Feature unavailable in Flex Clusters and Serverless Instances

Flex clusters and Serverless instances don't support this feature at this time. To learn more, see Atlas Flex Limitations and Serverless Instance Limitations.

Atlas Online Archive is a feature designed to help organizations optimize their data storage and query costs by archiving infrequently accessed data from their MongoDB Atlas cluster to a cloud object storage. With Online Archive, you gain the ability to manage the lifecycle of your data, maintain a unified query experience across live and archived datasets, and reduce operational complexity while ensuring data remains accessible when needed.

Consider the following requirements, expectations and limitations when using Atlas Online Archive.

Online Archive in Atlas is available only on M10 and greater clusters.

To create or delete an Online Archive, you must have one of these roles:

Consider the following performance expectations when working with Online Archive:

  • Archival Jobs: MongoDB runs archival jobs periodically to move data from your cluster to cloud storage. These jobs operate asynchronously and are designed to minimize performance impact on your cluster.

  • Cluster Capacity: Archiving jobs consume cluster resources. Ensure your Atlas cluster has sufficient capacity to support both active workloads and archiving tasks to avoid resource constraints.

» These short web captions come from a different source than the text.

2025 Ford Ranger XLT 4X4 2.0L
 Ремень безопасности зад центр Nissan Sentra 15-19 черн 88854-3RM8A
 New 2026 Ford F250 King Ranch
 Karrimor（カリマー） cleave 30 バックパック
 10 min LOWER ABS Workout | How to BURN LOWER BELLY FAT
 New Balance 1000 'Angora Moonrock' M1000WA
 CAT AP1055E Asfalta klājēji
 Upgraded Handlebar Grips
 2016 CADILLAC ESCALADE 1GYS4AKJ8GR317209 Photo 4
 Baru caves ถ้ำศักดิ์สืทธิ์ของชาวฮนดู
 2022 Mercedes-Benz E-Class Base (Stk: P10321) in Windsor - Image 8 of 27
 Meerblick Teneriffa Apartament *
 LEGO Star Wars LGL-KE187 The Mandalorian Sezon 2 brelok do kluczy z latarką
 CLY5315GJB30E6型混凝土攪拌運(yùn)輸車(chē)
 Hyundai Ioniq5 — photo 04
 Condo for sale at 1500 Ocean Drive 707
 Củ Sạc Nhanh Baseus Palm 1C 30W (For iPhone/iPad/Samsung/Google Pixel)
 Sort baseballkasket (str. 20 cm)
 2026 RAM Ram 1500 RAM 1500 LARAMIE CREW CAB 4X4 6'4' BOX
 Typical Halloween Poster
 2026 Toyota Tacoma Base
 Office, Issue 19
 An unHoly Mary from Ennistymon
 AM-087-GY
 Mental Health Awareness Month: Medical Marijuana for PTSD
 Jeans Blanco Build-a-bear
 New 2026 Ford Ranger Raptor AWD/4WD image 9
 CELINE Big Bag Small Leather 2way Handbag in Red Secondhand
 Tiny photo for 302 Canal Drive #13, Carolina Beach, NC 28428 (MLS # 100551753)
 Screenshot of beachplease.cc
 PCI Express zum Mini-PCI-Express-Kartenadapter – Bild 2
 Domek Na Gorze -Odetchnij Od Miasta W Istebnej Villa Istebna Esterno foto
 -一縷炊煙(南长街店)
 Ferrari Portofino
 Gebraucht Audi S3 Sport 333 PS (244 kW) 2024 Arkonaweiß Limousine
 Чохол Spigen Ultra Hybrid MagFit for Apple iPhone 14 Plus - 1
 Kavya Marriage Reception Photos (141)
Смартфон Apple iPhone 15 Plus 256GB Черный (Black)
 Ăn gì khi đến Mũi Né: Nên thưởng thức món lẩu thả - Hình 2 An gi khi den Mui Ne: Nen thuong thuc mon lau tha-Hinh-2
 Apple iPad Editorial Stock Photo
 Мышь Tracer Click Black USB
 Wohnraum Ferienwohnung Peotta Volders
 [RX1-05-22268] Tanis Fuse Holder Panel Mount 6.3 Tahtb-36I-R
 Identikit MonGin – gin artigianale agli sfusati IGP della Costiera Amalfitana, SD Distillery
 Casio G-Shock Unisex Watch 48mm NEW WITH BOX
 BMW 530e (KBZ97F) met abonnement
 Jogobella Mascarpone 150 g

  • Query Performance: Archived data resides in read-optimized cloud object storage, which might have slower query performance compared to querying live data on your Atlas cluster.

Online Archive doesn't support the following:

  • Writing to the Online Archive.

  • Configuring or administering the Online Archive federated database instance through the Atlas console, Atlas Data Federation CLI, or Atlas Data Federation API.

  • Archiving a capped collection.

  • Archiving data below the size of 5 MiB after 7 days. To learn more, see Limitations.

  • GridFS.

  • Deleting individual documents.

When you configure an Online Archive for a collection, Atlas uses Atlas Data Federation to create a read-only Federated Database Instance. This enables unified queries across both your live cluster and your archived data, using the same collection and database names.

You define archiving rules based on time fields or custom filters. Atlas evaluates these rules continuously and automatically transfers matching documents to a cloud object storage managed by Atlas (e.g., AWS S3, Azure Blob).

Data Federation Region
AWS Region
Atlas Region

Northern Virginia, USA

us-east-1

US_EAST_1

Oregon, USA

us-west-2

US_WEST_2

Sao Paulo, Brazil

sa-east-1

SA_EAST_1

Ireland

eu-west-1

EU_WEST_1

London, England, UK

eu-west-2

EU_WEST_2

Frankfurt, Germany

eu-central-1

EU_CENTRAL_1

Tokyo, Japan

ap-northeast-1

AP_NORTHEAST_1

Seoul, South Korea

ap-northeast-2

AP_NORTHEAST_2

Mumbai, India

ap-south-1

AP_SOUTH_1

Singapore

ap-southeast-1

AP_SOUTHEAST_1

Sydney, Australia

ap-southeast-2

AP_SOUTHEAST_2

Montreal, QC, Canada

ca-central-1

CA_CENTRAL_1

Important

Atlas encrypts your archived data using Amazon's server-side encryption S3-managed keys (SSE-S3) for archived data. Atlas can't use any encryption-at-rest encryption keys that you used on your cluster data.

Data Federation Region
Azure Region
Atlas Region

Virginia, USA

eastus2

US_EAST_2

Sao Paulo, Brazil

brazilsouth

BRAZIL_SOUTH

Netherlands

westeurope

EUROPE_WEST

Important

Atlas encrypts your archived data using Azure Storage service-side encryption. Atlas can't use any encryption-at-rest encryption keys that you used on your cluster data.

Data Federation Region
Google Cloud Region
Atlas Region

Iowa, USA

us-central1

CENTRAL_US

Belgium

europe-west1

WESTERN_EUROPE

Important

Atlas encrypts your archived data using Google Cloud Storage service-side encryption. Atlas can't use any encryption-at-rest encryption keys that you used on your cluster data.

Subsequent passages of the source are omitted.